Siamo tra i primi dieci paesi esportatori di sistemi di armi (aerei, missili, carri armati, ecc.) e al secondo posto ,dopo gli Stati Uniti, nell’export di armi leggere ,anche con una grande multinazionale, come la Beretta, che fornisce pistole persino alla polizia americana. Parlare di pace significa dunque conoscere, sia pure a grandi linee, lo scenario dei sostenitori, fiancheggiatori, suggeritori dei numerosi (troppi) conflitti e delle diffuse violenze, veri e propri crimini contro l’umanità ,in tutto il mondo. Nei paesi più grandi le lobby politiche, economiche e militari sono molto potenti (fra di esse anche le logge massoniche internazionali ) e sono loro che influenzano l’apertura di conflitti armati, scoraggiando le relazioni diplomatiche che potrebbero portare a negoziati per la pace .Le stesse Nazioni Unite sono spesso vittime delle alleanza trasversali di questi potentissimi mercanti di armi. Che cosa possono fare gli artisti su scala mondiale con le loro opere ? I pittori e gli scultori ci hanno sempre provato, come sempre hanno fatto gli scrittori e i poeti.
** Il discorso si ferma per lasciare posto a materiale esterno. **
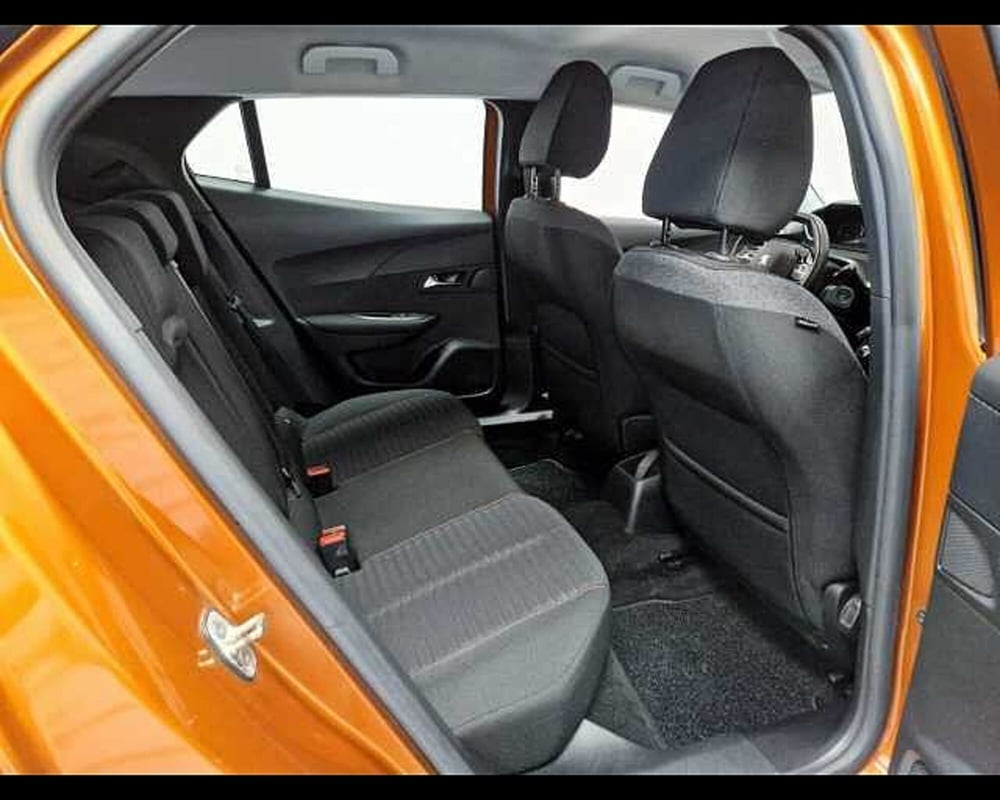 Peugeot 2008 usata a Milano (11)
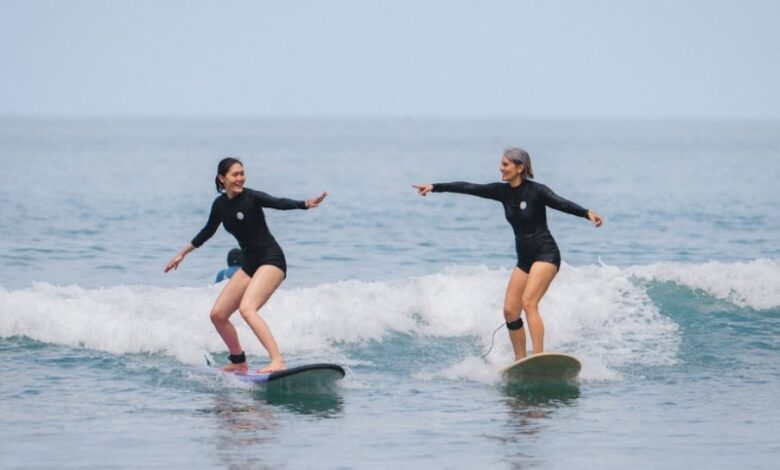 Surfing: Perempuan Temukan Keberanian dan Healing Melalui Laut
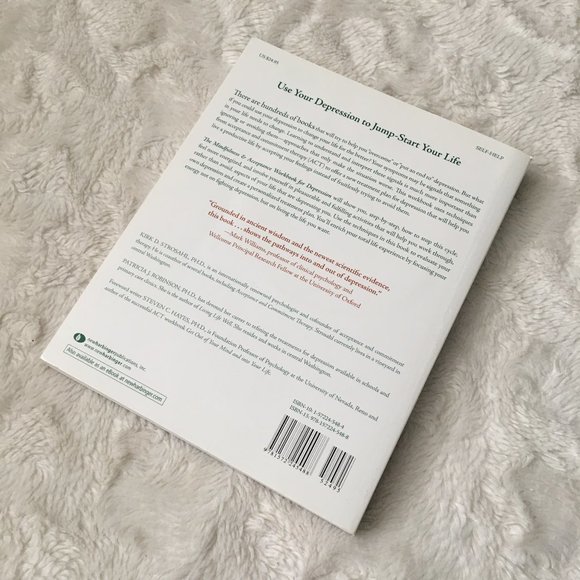 'The Mindfulness and Acceptance Workbook for Depression' By Kirk D… - Picture 2 of 7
Le armi degli artisti sono i pennelli e i colori. In ogni epoca, hanno prodotto opere suscitando emozioni, ma anche denunce, provocazioni, sentimenti di rabbia e di dolore ,in tutte le correnti ,soprattutto contemporanee (il fauvismo, l’astrattismo, l’espressionismo, il dada, il futurismo, il cubismo, il realismo, il pompierismo, ecc.), con tutte le varianti. note e meno note. Un solo esempio: ricordiamo l’opera di Pablo Picasso sicuramente fra le più famose, “Guernica” . Nel 1937,il maestro spagnolo profetizzò i bombardamenti aerei sulla popolazione civile ,che cominciarono qualche anno dopo. Fu quello di Picasso un esperimento con la segmentazione delle linee e dei piani, che diventava ossessiva col cubismo analitico, un moltiplicarsi di sfaccettature di linee rotte e di angoli retti. Una tecnica questa che trovò legioni di imitatori e che solo, a partire degli anni Cinquanta, sarà completata con l’espressionismo astratto della scuola di New York . Sarebbe difficile citare anche solo i pittori più noti, impegnati nell’astrattismo e del neo figurativo, nella lotta per la pace. Mi ricordo decine di mostre collettive su questo tema, con forme e contenuti che sembravano sostenere, come una sorta di collateralismo artistico, la propaganda di partiti politici e sindacati, oltre alle associazioni dei partigiani della pace. Oggi però assistiamo a una sorta di deologizzazione del tema della pace, che spesso viene affiancata alla sacrosanta lotta per la tutela dei diritti fondamentali degli esseri umani , come conferma anche la mostra degli artisti di questa rassegna. Il salto di qualità degli artisti è dunque quello di superare radicalmente ogni retorica sulla pace, ogni rituale storico di stampo ideologico che si caratterizzava con uno schieramento politico, come è avvenuto in questi ultimi decenni, a cominciare dall’uso di parte delle stesse bandiere arcobaleno. La pace non è proprietà esclusiva di nessuno. Il colore della pace può coinvolgere solo le Nazioni Unite e tutte le bandiere ,nazionali ed europei, che accettano il bando della violenza di qualsiasi tipo contro gli esseri umani . La bandiera universale dunque deve essere solo quella dell’impegno rigoroso per qualsiasi tipo di pace.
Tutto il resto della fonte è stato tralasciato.